カラカラの喉を潤すビールを注文させて頂きますと、お通しには今シーズン初の「あん肝」が届きました。
「少し切りましょうか…?」
彩よく盛り込まれました皿には小豆ハタ・赤貝・中トロ・赤身・蛸が並びます。
米花鮨さんの中トロは絶品なのは、今更お伝えするまででもなく、今回は小豆ハタがねっとりした旨味に富み、歯応えが堪りません。赤貝の甘さに頬っぺたが落ちそうになります。
そして次に届きました「ねぎま」は、思わずビールが進んでしまいます。
皮目だけサクサクに焼かれました「戻り鰹」には、ただただ感動して止まない自分が居ます。
自家製の「のどぐろ」の干物では、ビールから日本酒に変えざす負えない旨さに純米酒のにごり酒に移りました。
やっと辿り着いた今年初の秋刀魚は、「そろそろ終わりになりますよ?」と言われながらも秋の装いを感じます。

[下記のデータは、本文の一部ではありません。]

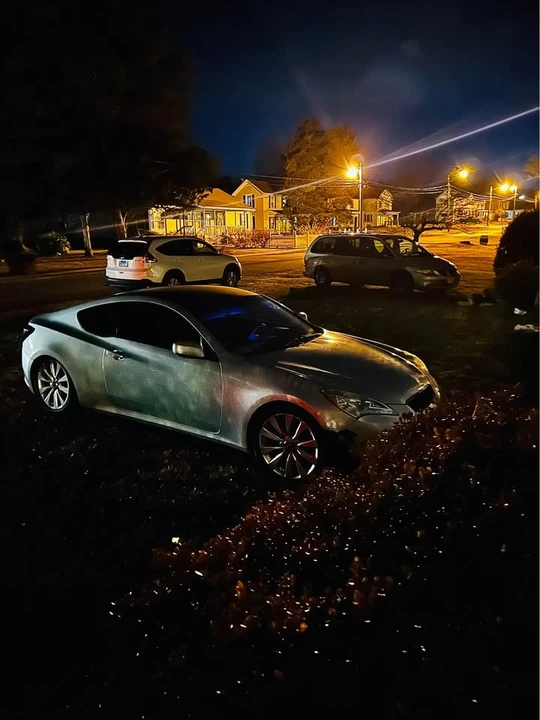 2010 Hyundai Genesis Coupe - Image 2 of 8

穴子入りの自家製玉子焼きをつまみながら続いて現れますは秋本番の王様の到来です…。
香り高き松茸は、今年は豊作との事ながら土瓶蒸しの中には、松茸がビッシリと入り、青々とした新銀杏と百合根や海老が彩りを飾ります。
ここまで来ると私はもはや握りモードに突入します。
江戸前寿司の仕事の技であります「煮ハマ」は、ふっくらと上品な味わいで感動に値します。
これまた絶妙な仕事で仕込まれました「〆鯖」は溜息が漏れるほどでありました。
新物のイクラの醤油漬けを目の前にして小丼にして頂かない訳には参りません。
プチプラといくらが口の中でほころびますと「上質な卵かけご飯」の甘味に包まれます。
穴子の醍醐味を味合わないで終わる訳には参りません。
生の穴子を白焼きにして頂き塩で握って頂きますと、サクッと香ばしさが口一杯に広がります。
嗚呼、絶品です。
そして江戸前寿司の煮穴子は職人の醍醐味であり芸術品の一つだと感激致します。
二つのコントラストがハッキリと伝わる穴子の後には江戸前寿司の王様の登場願いました。
米花鮨さんに来て頂かない訳には参りません「赤身の漬け」は、芸術品であり満足感に包まれる瞬間でありました。
秋の装いは「誘惑」の二文字やも知れませんね…。